Sunday, August 14, 2011

Interesting Genre Writing

I just read that Marvel Comics is taking a big leap and "killing off" the Fantastic Four. That's a franchise that Stan Lee and Jack Kirby started back in '61 and I've been reading it since around '64.

The plan is that one of the Four will die permanently and the Fantastic Four as a team will cease to exist.

A gutsy choice and I'm interested to see how generations of readers will respond to it. Of course, there is some precedence with DC's demise of Superman a few years back.

Another type of writing I've found quite interesting is the work of David Wollstonecraft on the BBC series Spooks (MI-5 in the US). He needed to find a way to rotate out the 3 leads in a very popular show. Generally, in the US that writing would be done abruptly and at the boundary between seasons. I've found it interesting to watch him lay the plot groundwork down in the last half of Season Two and then have the reverberations take place throughout the following season utilizing both the current cast and their replacements. He took four episodes to ease out Matthew McFadyen's lead character, Tom Quinn;6 to remove Keely Hawe's Zoe Reynolds; and the entire season to write out Davis Oyelowo's Danny Hunter. This allowed for the following season to start with a new cast of leads already in place and well-known to the audience. The show seems to hacve kept its audience and viewership actually went up the following season.

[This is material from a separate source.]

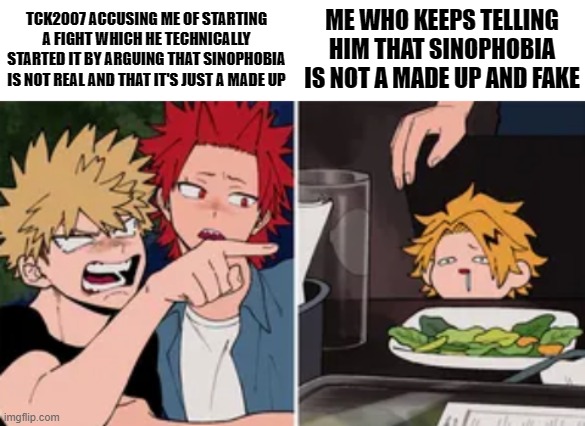 and yet they said it's my fault even tho he technically started it | TCK2007 ACCUSING ME OF STARTING A FIGHT WHICH HE TECHNICALLY STARTED IT BY ARGUING THAT SINOPHOBIA IS NOT REAL AND THAT IT'S JUST A MADE UP; ME WHO KEEPS TELLING HIM THAT SINOPHOBIA IS NOT A MADE UP AND FAKE | image tagged in blank white template,bakugo yelling at denki | made w/ Imgflip meme maker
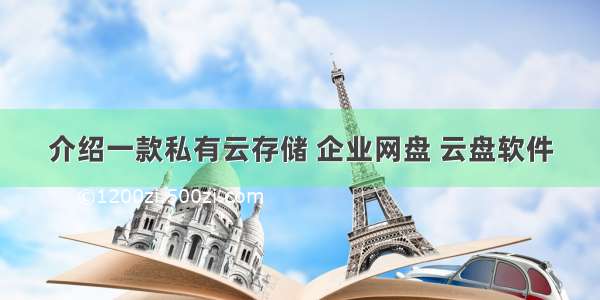 介绍一款私有云存储 企业网盘 云盘软件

The only thing similar I can think of in American television writing is Dick Wolf's rotation of characters in the Law and Order franchise. Wolf was pretty ruthless in replacing characters much similar to a baseball coach replacing players before they become liabilities.

This was generally done very abruptly in a single episode without any lead-in writing.

However, like Spooks, most of the case changes seemed to be accepted by the audience and ratings were maintained. Less so during the final seasons.